A high-profile conservative evangelical influencer announced Aug. 11 he’ll vote for Kamala Harris in an effort to save conservativism.
New York Times columnist David French and his wife, Nancy French, already have become persona non grata in some evangelical circles for calling out the cruelty and immorality of Donald Trump. Yet they have remained steadfast in their own political and theological conservatism.
In an Aug. 13 appearance on MSNBC, David French explained more of the rationale behind his op-ed published the day before. Asked if he thinks it would “send a message” if Republicans lose the White House, the Senate and the House of Representatives this year due to Trump’s influence, he responded affirmatively.
“It will send a message,” he said. “Now who knows if it’s received. There’s a difference between sending a message and absorbing a message. You would absolutely send a message that the path of MAGA is a path of electoral ruin then. If you’ve been a lifelong Republican, I’ve got news for you: This party is not the party you grew up with and it’s surprising to me how few people I encounter just in daily life who have fully absorbed that.”
“If you’ve been a lifelong Republican, I’ve got news for you: This party is not the party you grew up with.”
In his op-ed for the Times, French recites his conservative bona fides, including his belief that life begins at conception and his support for the Supreme Court decision that overturned Roe v. Wade.
“But I’m going to vote for Kamala Harris in 2024 and — ironically enough — I’m doing it in part to try to save conservatism,” he wrote.
“Since the day Donald Trump came down that escalator in 2015, the MAGA movement has been engaged in a long-running, slow-rolling ideological and characterological transformation of the Republican Party. At each step, it has pushed Republicans further and further away from Reaganite conservatism. It has divorced Republican voters from any major consideration of character in leadership and all the while it has labeled people who resisted the change as ‘traitors.’”
As a fundamental illustration of this change in values, French cites the ideal that lying is wrong.
“I have never seen a human being lie with the intensity and sheer volume of Donald Trump,” he noted. “Even worse, Trump’s lies are contagious. The legal results speak for themselves. A cascade of successful defamation lawsuits demonstrate the severity and pervasiveness of Republican dishonesty.”
He also contends it should not be controversial to declare that political violence and threats of violence “have no place in the American democratic process. … The level of threat against public officials has escalated in the MAGA era, MAGA Republicans often wield threats as a weapon against Republican dissenters, and every American should remember January 6, when a mob of insurrectionists ransacked the Capitol.”

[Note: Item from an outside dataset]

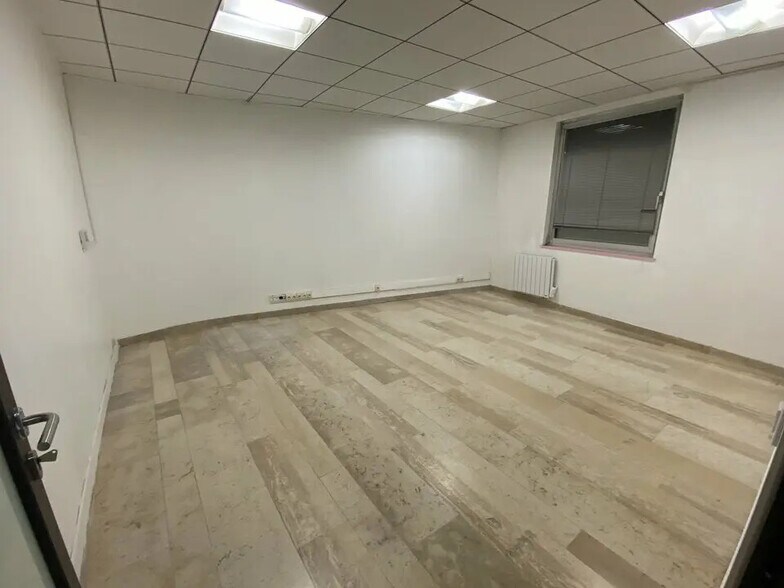 Bureau dans Reims à louer - Photo de l’immeuble – Image 2 sur 5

Further, Trump’s cruelty “is embedding itself deeply within one of Trump’s most loyal constituencies, conservative evangelicals,” he added. “It is difficult to overstate the viciousness and intolerance of MAGA Christians against their political foes. There are many churches and Christian leaders who are now more culturally Trumpian than culturally Christian. Trump is changing the church.”
“It is difficult to overstate the viciousness and intolerance of MAGA Christians against their political foes.”
French acknowledged he has friends and family who do not understand or agree with his position. But he sees an urgency to the present moment.
“We should make the argument — firmly but respectfully — that this is no ordinary race and that the old political categories no longer apply.”
To those who question whether he’s still a conservative, French replied: “I can’t vote for Trump precisely because I am conservative. I loathe sex abuse, pornography and adultery. Trump has brought those vices into the mainstream of the Republican Party. I want to cultivate a culture that values human life from conception through natural death. Yet America became more brutal and violent during Trump’s term. I want to defend liberal democracy from authoritarian aggression, yet Trump would abandon our allies and risk our most precious alliances.”
If Harris wins the presidency — by default silencing Trump — “conservative Americans will have a chance to build something decent from the ruins of a party that was once a force for genuine good in American life,” he concluded.